Share of population that cannot afford a calorie sufficient diet

What you should know about this indicator

  • This percentage accounts for a portion of income that can be credibly reserved for food, based on observations that the population in low-income countries spend, on average, 52% of their income on food, as derived from the 2017 national accounts household expenditure data of the World Bank's International Comparison Programme (ICP).
  • Income data are provided by the World Bank's Poverty and Inequality Platform. A value of zero indicates a null or a small number rounded down at the current precision level.
Share of population that cannot afford a calorie sufficient diet
Percentage of the total population unable to afford an energy sufficient diet. A healthy diet is considered unaffordable in a country when its cost exceeds 52% of income per capita per day.
Source
Herforth et al. (2022), adapted by World Bank (2023) – processed by Our World in Data
Last updated
March 26, 2024
Next expected update
March 2025
Date range
2017–2017
Unit
%

Sources and processing

This data is based on the following sources

Food Prices for Nutrition provides indicators on the cost and affordability of healthy diets in each country, showing the population's physical and economic access to sufficient quantities of locally available items for an active and healthy life. It also provides indicators on the cost and affordability of an energy-sufficient diet and of a nutrient-adequate diet. These indicators are explained in detail in the Food Prices for Nutrition DataHub.

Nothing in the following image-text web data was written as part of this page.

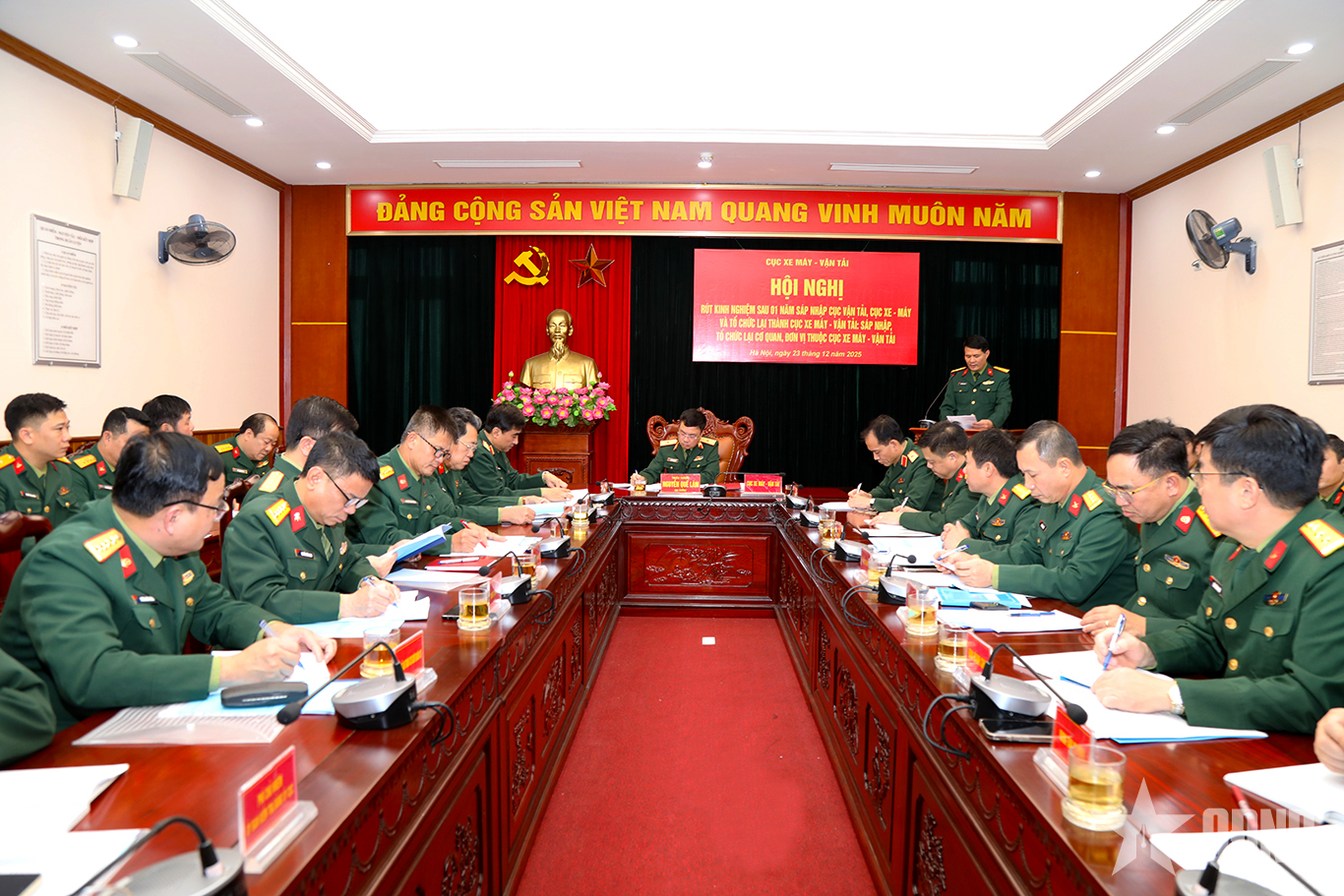 Phát huy tốt tính chủ động, tự chủ, hỗ trợ giữa hai ngành xe - máy và vận tải sau một năm sáp nhập

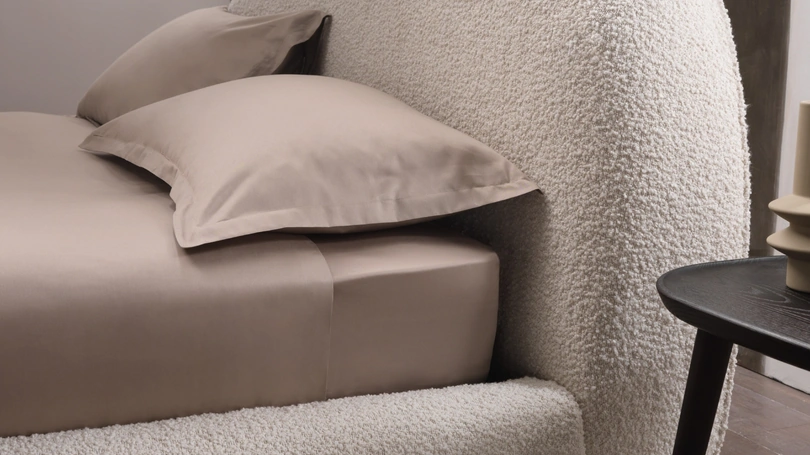 Letto con in tessuto con testiera Designer Curvy di Altrenotti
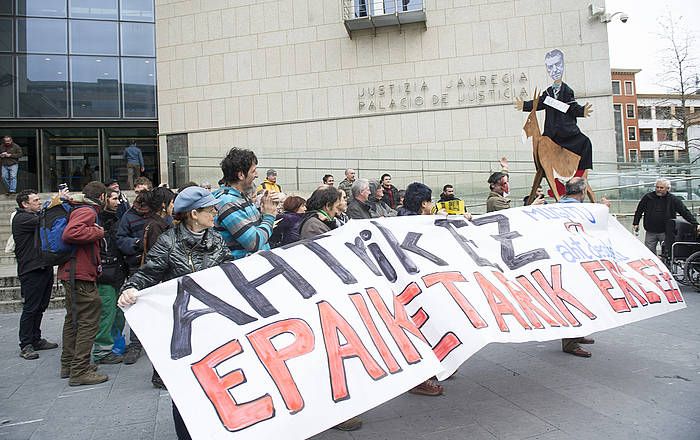 Mugitu-ko ekintzaileen epaiketaren egunean protesta egin zuten Donostiako Auzitegiko atarian. JUAN CARLOS RUIZ / ARGAZKI PRESS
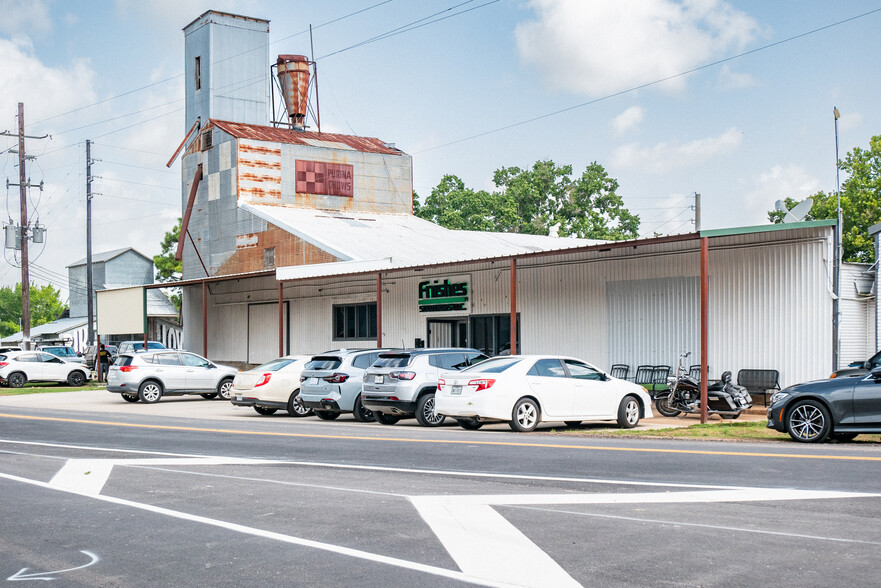 2614 Washington St, Waller, TX à louer - Photo de l’immeuble – Image 1 sur 7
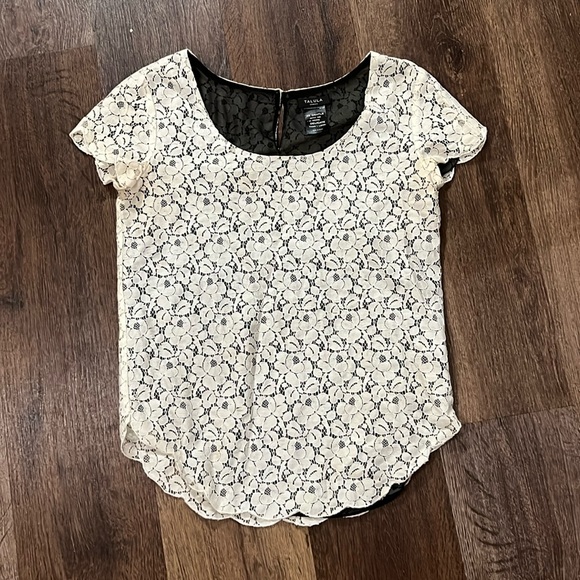 Aritzia Talula Blouse - Picture 1 of 2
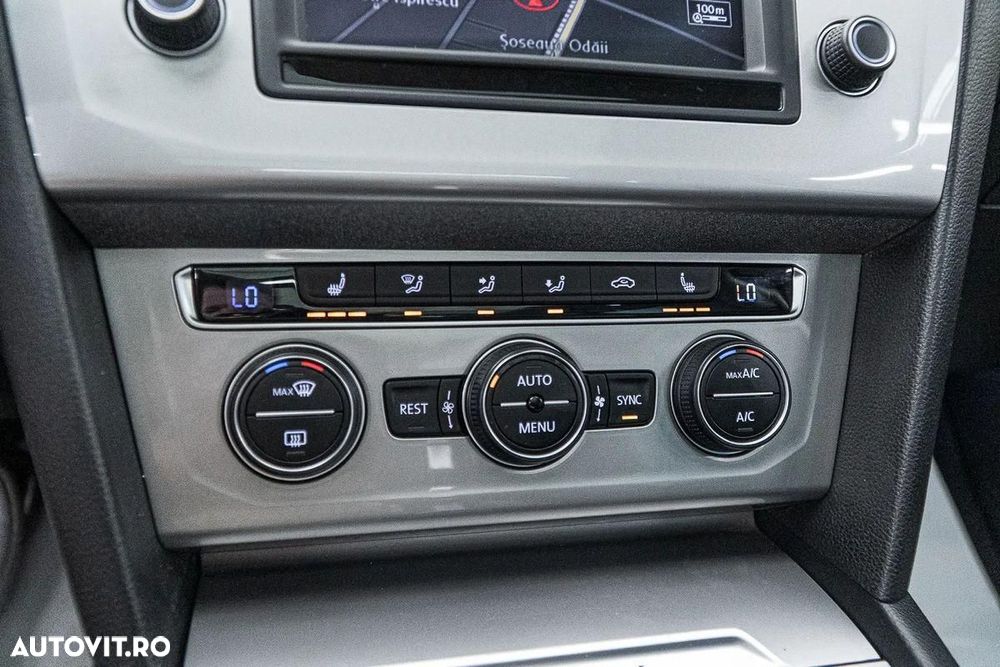 Volkswagen Passat Alltrack 2.0 TDI SCR 4Motion DSG (BMT) - 12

Version 2.1 differs from Version 2.0 in that 2.1 reflects the latest income data from the World Bank's Poverty and Inequality Platform (PIP) that were updated in the fall of 2023, for the following diet affordability indicators: the share and volume of the population that cannot afford the diet, based on national income distributions expressed in 2017 PPP dollars. Furthermore, Version 2.1 updates and reports population data provided by World Development Indicators.

Retrieved on
March 26, 2024
Citation
This is the citation of the original data obtained from the source, prior to any processing or adaptation by Our World in Data. To cite data downloaded from this page, please use the suggested citation given in Reuse This Work below.
World Bank, adapted from Herforth, A., Venkat, A., Bai, Y., Costlow, L., Holleman, C. & Masters, W.A. (2022). Methods and options to monitor globally the cost and affordability of a healthy diet. Background paper for The State of Food Security and Nutrition in the World 2022. Rome, FAO.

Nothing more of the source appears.